As I’ve already mentioned, historical evidence about Corinth between the Persia and Peloponnesian Wars is fragmentary. One thing that does get mentioned is the city’s reputation for strife between rival political factions. Okay, that’s promising. Writing a murder mystery does require a certain amount of violence after all. Better yet, a crime novel set in the ancient world spares the author the complications of ballistics and calibres and other technical firearms stuff. As far as life in a classical Greek city goes, things become even simpler. No one’s going to cart a hoplite shield and spear around and expect to get away with a stealthy killing. This strife on the streets is going to be feet, fists and knives.

The novelist still needs to be able to write about this convincingly. How does an author do that research? Speaking for myself, I’ve studied a martial art, aikido, since 1983, and that’s proved extremely useful. No, you won’t read about Philocles or anyone else managing a faultless koshi nage or some other wholly inappropriate Japanese move. But for us to learn self-defensive techniques, and now that I am a third dan blackbelt for me to teach these things, we also learn about effective kicking and punching in our classes, to give students a realistic idea of what they might face. So that’s the first thing I have to draw on.

Secondly, occasionally, we get our movement or timing wrong. Accidents are thankfully rare, and injuries on the mat rarer still, but in the past thirty years, I have taken a couple of smacks in the face and other rather harder thumps than I was expecting. There is nothing quite like direct experience to enable a writer to realistically convey how that feels. Believe me, you don’t forget it, because you really don’t want it to happen again.

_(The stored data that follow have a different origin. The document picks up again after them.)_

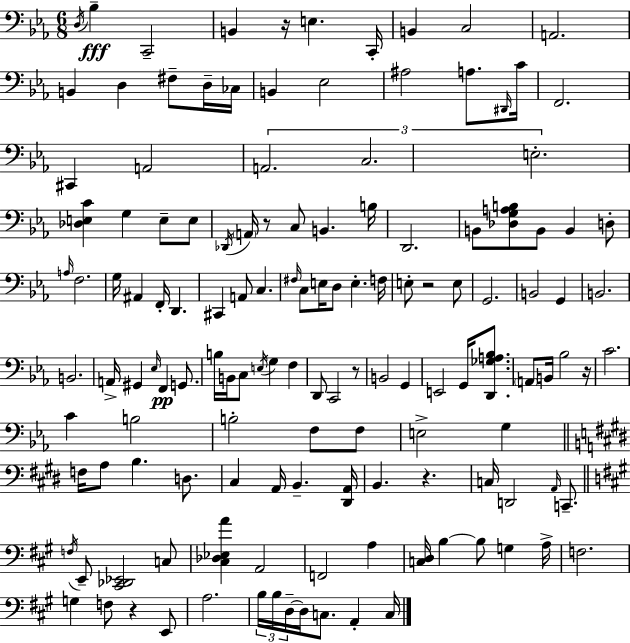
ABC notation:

X:1
T:Untitled
M:6/8
L:1/4
K:Cm
D,/4 _B, C,,2 B,, z/4 E, C,,/4 B,, C,2 A,,2 B,, D, ^F,/2 D,/4 _C,/4 B,, _E,2 ^A,2 A,/2 ^D,,/4 C/4 F,,2 ^C,, A,,2 A,,2 C,2 E,2 [_D,E,C] G, E,/2 E,/2 _D,,/4 A,,/4 z/2 C,/2 B,, B,/4 D,,2 B,,/2 [_D,G,A,B,]/2 B,,/2 B,, D,/2 A,/4 F,2 G,/4 ^A,, F,,/4 D,, ^C,, A,,/2 C, ^F,/4 C,/2 E,/4 D,/2 E, F,/4 E,/2 z2 E,/2 G,,2 B,,2 G,, B,,2 B,,2 A,,/4 ^G,, _E,/4 F,, G,,/2 B,/4 B,,/4 C,/2 E,/4 G, F, D,,/2 C,,2 z/2 B,,2 G,, E,,2 G,,/4 [D,,_G,A,_B,]/2 A,,/2 B,,/4 _B,2 z/4 C2 C B,2 B,2 F,/2 F,/2 E,2 G, F,/4 A,/2 B, D,/2 ^C, A,,/4 B,, [^D,,A,,]/4 B,, z C,/4 D,,2 A,,/4 C,,/2 F,/4 E,,/2 [^C,,_D,,_E,,]2 C,/2 [^C,_D,_E,A] A,,2 F,,2 A, [C,D,]/4 B, B,/2 G, A,/4 F,2 G, F,/2 z E,,/2 A,2 B,/4 B,/4 D,/4 D,/4 C,/2 A,, C,/4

Aikido is a martial art that doesn’t meet aggression with aggression, but uses movement and an understanding of body mechanics to enable a student to avoid getting hit, and then to control an attacker with a variety of holds, pins or throws. These techniques for rendering an attacker incapable without injuring them are a major reason why over the years we have trained any number of police officers, fire fighters, nurses, paramedics, social workers and door staff. While we help them learn to stay safe, they share stories about situations they have encountered at work. Like the police inspector whose aikido skills saved his neck (not the word he used) when a violent drug dealer turned out to be immune to capsaicin, the active ingredient in the DI’s officially-issued pepper spray. So the third resource I have to draw on is that wealth of real-life experience of often inventive thuggery gleaned second-hand over post-training pints.

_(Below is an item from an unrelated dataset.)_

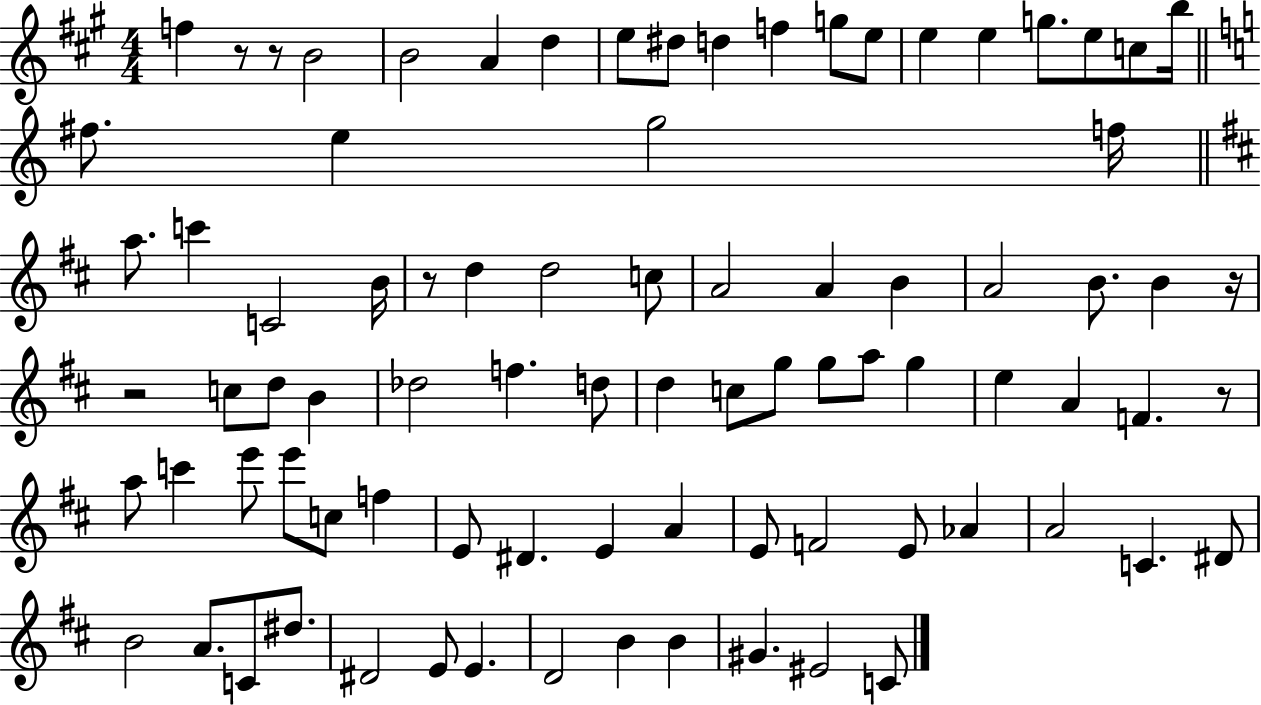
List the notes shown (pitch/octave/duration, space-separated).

F5/q R/e R/e B4/h B4/h A4/q D5/q E5/e D#5/e D5/q F5/q G5/e E5/e E5/q E5/q G5/e. E5/e C5/e B5/s F#5/e. E5/q G5/h F5/s A5/e. C6/q C4/h B4/s R/e D5/q D5/h C5/e A4/h A4/q B4/q A4/h B4/e. B4/q R/s R/h C5/e D5/e B4/q Db5/h F5/q. D5/e D5/q C5/e G5/e G5/e A5/e G5/q E5/q A4/q F4/q. R/e A5/e C6/q E6/e E6/e C5/e F5/q E4/e D#4/q. E4/q A4/q E4/e F4/h E4/e Ab4/q A4/h C4/q. D#4/e B4/h A4/e. C4/e D#5/e. D#4/h E4/e E4/q. D4/h B4/q B4/q G#4/q. EIS4/h C4/e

Lastly, those of us who study different martial arts always swap notes with each other, given half a chance. We invariably find common principles underlying our different approaches to what are the same essential challenges. I don’t only talk to blackbelts in other Japanese, Chinese and similar martial arts. Recent years have seen a great expansion of understanding and practise in HEMA – Historic European Martial Arts. I’ve had some fascinating compare-and-contrast conversations with experienced practitioners, as well as seeing some excellent displays at Living History days and in places like the Royal Amouries Museums in Leeds. All this enables me to make a fair assessment of the core skills that someone like Philocles would surely have had.

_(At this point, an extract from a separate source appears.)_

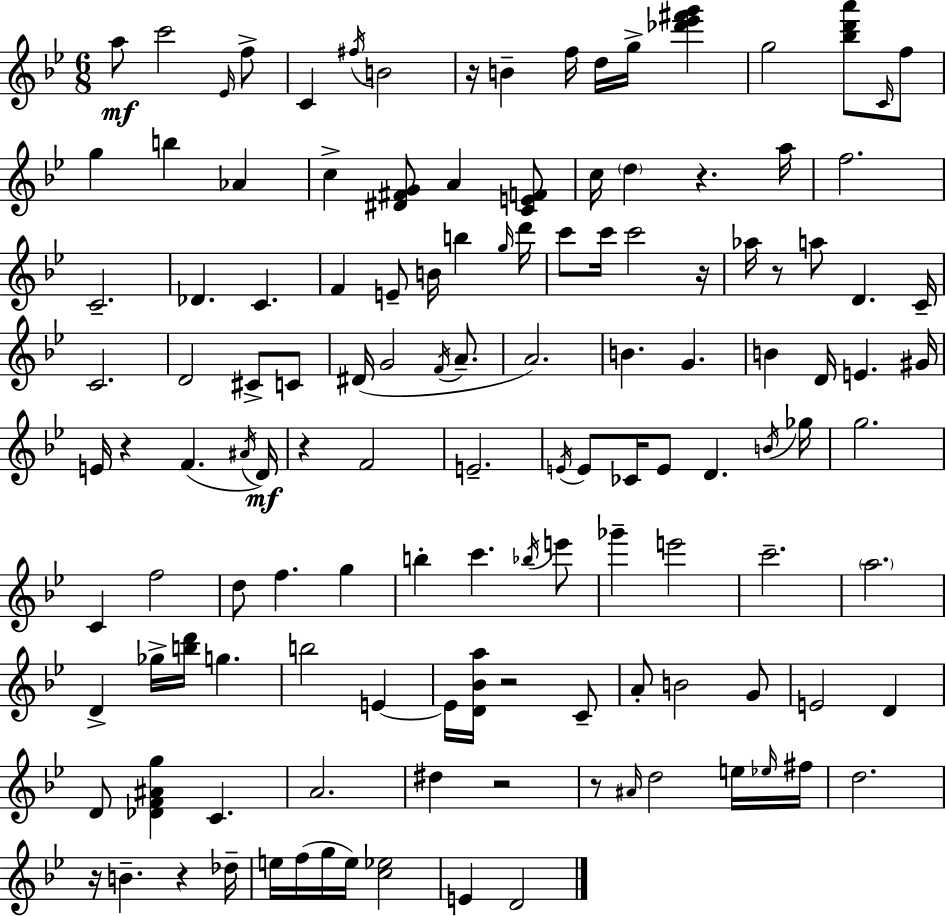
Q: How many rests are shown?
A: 11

So what about a knife fight? We do also train against attacks with knives, swords and staffs in aikido. On the mat these weapons are wooden, but believe me, you still don’t want to make a mistake. We don’t only teach students how to avoid injury, but how to disarm an attacker safely as well. That’s far easier to demonstrate than it is to explain here writing, so if our paths should cross in real life, feel free to ask me about that. Meantime, you can rest assured that I know what I’m talking about when Philocles gets himself out of danger with a deft move – and I did check with an orthopaedic surgeon about the likely outcome for the person who tries to stab our hero. The stakes get increasingly high in Scorpions in Corinth.

Boundaries and borders and the complexity of history

There’s a great deal of talk in the media at the moment about concepts like borders and nationality. History is frequently, and highly selectively, cited as evidence for whatever political point of view is being promoted. Meantime, tangible history, by way of archaeological artefacts, keeps reminding us that the world has always been interconnected, and that people have always moved around.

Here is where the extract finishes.